The Pitfalls of Vanilla Gradient Descent as a Life Optimizer

Their work ethic is no doubt commendable, but their drive for success is oftentimes marred by myopia. That is, many students enter elite schools lacking a concrete vision for how they want to contribute to the world; this, coupled with newfound insecurities and the pressure pervading these hyper-competitive arenas, forces students into optimizing chiefly for accolades, validation, and reward in the short term.

Indeed, once their goals are set, elite students will more likely than not achieve them. It is in their nature to excel. But critically, recall that vanilla gradient descent is an algorithm that merely guarantees local optima.

The only setting in which vanilla gradient descent provides a globally optimal solution is, of course, when the loss function is convex. This is certainly not a given in most optimization problems, and it is doubly so that the complexity of life cannot be neatly distilled into a convex function.

From a purely objective standpoint, it’s really quite silly to think that a job at FAANG (or equivalently some shiny quant firm/bank/consultancy) with dubious inherent meaning would be a reasonable singular proxy for career/life satisfication; and yet so many of us blindly abide by these approximations and optimize within this wishfully smooth value manifold.

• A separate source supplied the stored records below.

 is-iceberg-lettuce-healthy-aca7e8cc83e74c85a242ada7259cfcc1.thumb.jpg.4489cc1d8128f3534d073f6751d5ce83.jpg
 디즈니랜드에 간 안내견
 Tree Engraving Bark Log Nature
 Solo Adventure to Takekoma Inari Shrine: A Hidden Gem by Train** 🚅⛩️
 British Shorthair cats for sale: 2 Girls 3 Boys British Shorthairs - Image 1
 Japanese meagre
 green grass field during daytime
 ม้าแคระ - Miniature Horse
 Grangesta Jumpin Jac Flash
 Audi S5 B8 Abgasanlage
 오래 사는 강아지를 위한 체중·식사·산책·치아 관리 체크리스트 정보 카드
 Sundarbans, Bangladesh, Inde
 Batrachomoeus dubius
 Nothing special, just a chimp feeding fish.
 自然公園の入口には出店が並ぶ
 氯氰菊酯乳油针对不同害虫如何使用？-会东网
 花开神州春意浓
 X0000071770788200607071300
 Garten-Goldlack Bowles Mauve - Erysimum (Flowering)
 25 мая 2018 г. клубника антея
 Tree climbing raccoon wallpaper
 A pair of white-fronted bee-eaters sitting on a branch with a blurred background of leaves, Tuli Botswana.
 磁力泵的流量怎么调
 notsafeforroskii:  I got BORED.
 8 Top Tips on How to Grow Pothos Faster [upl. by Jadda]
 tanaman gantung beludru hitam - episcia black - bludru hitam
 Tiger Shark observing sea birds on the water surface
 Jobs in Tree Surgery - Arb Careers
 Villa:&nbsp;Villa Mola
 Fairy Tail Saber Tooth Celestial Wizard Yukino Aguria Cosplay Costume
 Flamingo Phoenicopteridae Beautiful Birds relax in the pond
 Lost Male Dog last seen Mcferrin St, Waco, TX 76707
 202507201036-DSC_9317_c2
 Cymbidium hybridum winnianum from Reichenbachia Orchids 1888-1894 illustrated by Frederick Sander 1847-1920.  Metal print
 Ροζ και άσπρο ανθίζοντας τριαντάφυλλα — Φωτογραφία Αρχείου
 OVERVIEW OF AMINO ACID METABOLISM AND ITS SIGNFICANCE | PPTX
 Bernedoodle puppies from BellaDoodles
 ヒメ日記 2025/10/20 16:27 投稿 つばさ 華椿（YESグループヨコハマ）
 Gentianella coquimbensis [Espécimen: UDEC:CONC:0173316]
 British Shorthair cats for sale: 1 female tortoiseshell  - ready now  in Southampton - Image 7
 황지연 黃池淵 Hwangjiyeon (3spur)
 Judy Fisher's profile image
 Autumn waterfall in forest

In reality, our value functions are anything but simple and convex. When we assume that this is the case and approach our future with the same approach we’ve used our entire lives – i.e. vanilla gradient descent – we are destined for suboptimality.

Introduce Stochasticity into your Life

In much the same way that stochastic gradient descent beats out vanilla gradient descent for training large neural nets, introducing stochasticity into our lives may help increase our chances of discovering our true caling.

Reaching career (or any kind of) nirvana is not really supposed to be straightforward. The sooner we can accept this, the sooner we’ll realize that we don’t need to be constantly optimizing towards the next “best” stage of our life.

The folks that I admire most have spent time soul-searching for their true purpose, and as a reflection of that have a very non-linear, non-traditional path to success. Peter Thiel immediately comes to mind, having pivoted from mathematics to philosophy to big law before arriving and dominating the startup scene. Ryan Petersen is another prime example, having started with exporting Chinese goods to the States, then building freight-scanning data services, to now running Flexport.

It’s okay to pause the grind in order to reflect. It’s okay to try a new field orthogonal to everything you’ve done in your life. It’s okay if you’re not chasing things that everyone else is chasing. It’s okay to pursue things for yourself, even if nobody else praises, understands, or approves.

Break free and embrace stochasticity.

A Roll of the Dice

And yet, as we all know, stochastic gradient descent doesn’t guarantee global optima either. It’s entirely possible we end up sitting in some saddle point or local optima, despite decades of steadfast effort.

It’s possible that we end up someplace strictly worse than the destination of a traditional, safer path; but it’s also possible we ascend to a place of immense fulfillment, impact, and joy.

At the end of the day, there’s no guarantee that the (stochastic) road less travelled is necessarily better in the long run. But it sure seems a shame to resign to an orthodox life path of untapped potential.